PUBLISHED May 30, 2026
A Memorable Journey Through Marrakech: Celebrating an 80th Birthday in the Heart of Morocco

Discovering the Allure of Marrakech

Morocco stands as a remarkable leader in both African and global tourism, earning recognition as the top destination on the continent and ranking thirteenth worldwide. The country offers an array of experiences that cater to diverse interests, from the vibrant culture and luxury found in Marrakech to the business hubs of coastal cities like Agadir and Casablanca, and the rich history and multicultural architecture of cities such as Fez and Rabat. In a remarkable surge, nearly 20 million tourists flocked to Morocco in 2025, with Marrakech alone drawing in approximately 40 percent of that total. Thus, when I received an invitation to partake in a friend's 80th birthday celebration in this enchanting city, renowned for its stunning red ochre buildings, I was overjoyed. My previous visit to Casablanca for an academic conference in the late 2000s had only fueled my desire to explore Marrakech and Fez further, a longing that had its roots in my youth when I watched the British spy film 'Our Man in Marrakech' in the 1960s. I was captivated by the actors' navigation of the souks' intricate and colorful alleys while evading capture, as well as the high-speed car chases through the arid Atlas Mountains.

In preparation for our journey, as is customary when visiting new cities, we dedicated the days leading up to our departure to immersing ourselves in YouTube videos and blogs, meticulously crafting our itinerary to ensure we could experience the best of what Marrakech had to offer.

An Unforgettable Birthday Celebration

Over the years, I have attended countless birthday parties, yet the two-day celebration in Marrakech stands out as an extraordinary event that I will remember for its unique style, meticulous organization, stunning setting, and sheer joy. With just over fifty attendees from various countries, the party size was intimate yet lively. The festivities commenced with a “Meet and Greet” at a chic rooftop restaurant in the Medina on the eve of the birthday party, featuring a soulful Arabic song performed by local artists to honor the celebrant. It was heartwarming to see the nine grandchildren and a great-grandchild, all dressed in purple—the color of the occasion—dancing joyfully alongside their vibrant matriarch.

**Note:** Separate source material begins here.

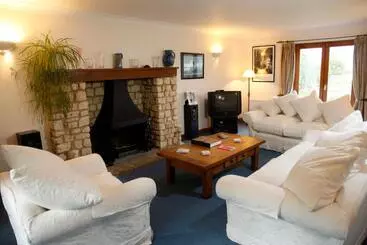 Two Hoots Bed And Breakfast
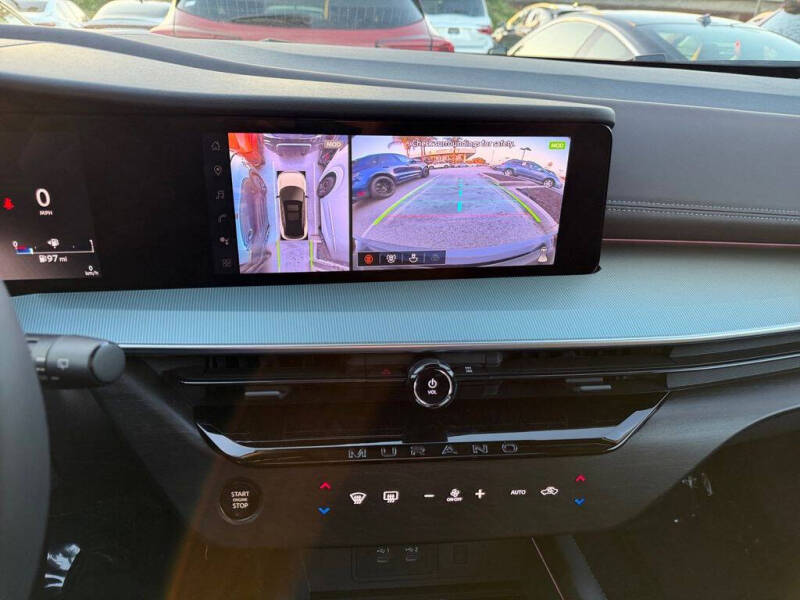 2025 Nissan Murano Platinum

The following day, the birthday party unfolded at the exquisite boutique hotel Jnane Tamsna, nestled in the exclusive Palmeraie district and owned by a designer of Senegalese and Guadeloupean descent. This stunning hotel sprawls across nine acres of lush gardens adorned with date palms, olive groves, and organic vegetable patches. The celebrations took place across three distinct locations: an apéritif on a rooftop terrace that offered breathtaking views of the gardens and the clear blue sky, a banquet set in a secluded area of the gardens, and a cake-cutting and dance party in the main hall. The children and grandchildren delivered moving speeches during the banquet, while friends and family shared heartfelt words at the cake-cutting ceremony.

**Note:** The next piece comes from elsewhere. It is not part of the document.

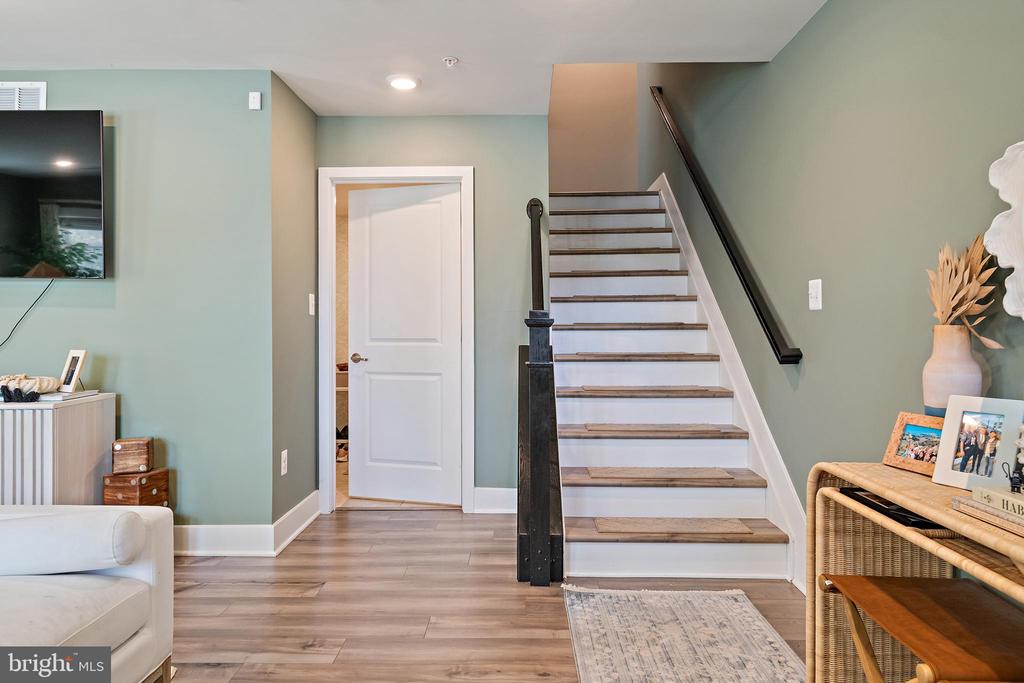 118 TREBLIS WAY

The crowning moment of the evening was the celebrant's grand entrance on the rooftop while we savored an array of delicious finger foods. The organizers had set the scene by using the back section of the rooftop to bring in the celebrant on a lavishly adorned Moroccan throne, known as the Amariya, carried by four men in flowing white robes. In Moroccan culture, the Amariya is traditionally employed to carry brides during wedding ceremonies. As the music rose in volume, guests at the back began to sing and dance to Tina Turner’s “Simply the Best.” As the sun began to set, I could hardly see the four men bearing the throne amidst the crowd, and for a fleeting moment, I genuinely believed that Yvette was descending from the heavens! It was an enchanting experience.

For over seven hours, we revelled in a continuous celebration of eating, drinking, conversing, and dancing to a diverse mix of Western, Nigerian, and Sierra Leonean music. The entertainment was equally thrilling, featuring traditional Moroccan dances, captivating belly dancing, and jaw-dropping fire-eating performances.

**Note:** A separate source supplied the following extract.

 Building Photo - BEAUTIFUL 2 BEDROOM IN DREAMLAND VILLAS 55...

After the birthday festivities, we dedicated five additional days to exploring Marrakech and its surroundings. The city is brimming with attractions, and while it was impossible to see everything, we devised a straightforward strategy to guide our adventures. Most historical sites are located in the Medina, the old city, while our hotel was situated in the newer district of Guéliz, requiring a forty-minute walk to reach the Medina.

The iconic Jemaa el-Fnaa, Marrakech’s most famous square, became our daily reference point. We either walked or took a taxi to the square each day, opting for a tuk-tuk (or keke, as they are known in Sierra Leone and Nigeria) for our return trips. Back home, we typically avoided kekes due to their notorious accident rates; however, in Marrakech, they were not the primary mode of transportation—formal taxis and buses were prevalent. Nevertheless, tuk-tuks and motorbikes (known as okadas) were the favored means of transport within the narrow Medina alleys.

Our favorite dining spot, Chegrouni, featured a rooftop terrace overlooking the Jemaa el-Fnaa square, where we relished tagine and couscous. The square truly comes alive in the evenings, filled with traditional music, snake charmers, vibrant fruit juice stalls, street food vendors, and numerous hawkers vying for attention. While the street restaurants were bustling, we made the error of ordering a seafood platter that turned out to be disappointingly bland, an experience that overshadowed our subsequent visits to the street eateries, despite enjoying mixed vegetables and chicken pies on another evening.

Just a stone's throw from the square lies the majestic 12th-century Koutoubia mosque, where two of us joined local worshippers for prayers on our second visit. Touring the Medina from the mosque and the square proved convenient, making it our go-to destination for shopping almost every day. While exploring the intricate souk alleys with my wife Kadie and friends Monica and Gloria, we indulged in sampling argan oils, medicinal herbs, spices, traditional perfumes, bracelets, and kaftans. Unable to resist, I also purchased a kaftan and traditional herbs touted for their remedies against the common cold, muscle pain, and snoring. The persuasive herbalist at the Merzouga Cooperative, donned in a long white coat reminiscent of a medical doctor, showcased the healing and aesthetic properties of his products, leading us to collectively spend over USD1,000 in his shop!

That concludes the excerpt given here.